The research also shows that over half of English councils cut their spending on road safety and traffic management by more than ten per cent. Of the 152 councils contacted, 81 replied.
Spending on road safety saw huge variations. For example, London’s Camden Council cut road safety spending by more than 70 per cent (£4million), despite the fact that road casualties have increased by 10.6 per cent there since 2006. More than 100 people were killed or seriously injured on Camden’s roads in 2010. At the same time, neighbouring Islington Council increased funding for road safety and traffic management by £134,000.
Spending on roads also varied. Thirty councils (37 per cent) cut spending on road maintenance by more than ten per cent, but generally, road maintenance fared well with an overall increase of 0.37 per cent. For example, Northumberland Council cut road maintenance by 63 per cent while Blackpool Council increased it by 34 per cent.
IAM chief executive Simon Best said: “In difficult times, councils can be more innovative and flexible in their approach by working with the voluntary and private sectors to provide the services they can no longer afford.
“Austerity is forcing councils to make difficult choices, but the fact that these cuts only represent the first year of savings under the coalition’s spending review is deeply worrying. Cutting road safety so hard makes no sense. The average wage of a lollipop lady is £3,000 a year while the cost of each road fatality is £1.6 million. So the returns on investment are huge.
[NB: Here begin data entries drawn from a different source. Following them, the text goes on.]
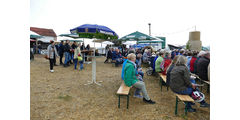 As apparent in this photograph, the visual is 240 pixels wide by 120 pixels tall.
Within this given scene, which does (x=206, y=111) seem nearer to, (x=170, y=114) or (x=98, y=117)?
(x=170, y=114)

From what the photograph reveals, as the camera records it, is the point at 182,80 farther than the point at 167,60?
No

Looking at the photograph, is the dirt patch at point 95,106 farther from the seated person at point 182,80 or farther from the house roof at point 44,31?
the house roof at point 44,31

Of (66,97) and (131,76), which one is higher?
(131,76)

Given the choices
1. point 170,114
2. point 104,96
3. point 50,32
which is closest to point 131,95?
point 104,96

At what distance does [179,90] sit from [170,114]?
0.59 meters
“Cuts of this scale risk lives as well as the UK’s table-topping status as the best in the world for road safety. The government needs to bring back casualty reduction targets so that councils make road safety a priority.
“I’m also concerned that patchy spending on maintenance will not keep pace with our crumbling roads.
The full report - The end of the road: Local investment in road safety in England - was published today by the IAM.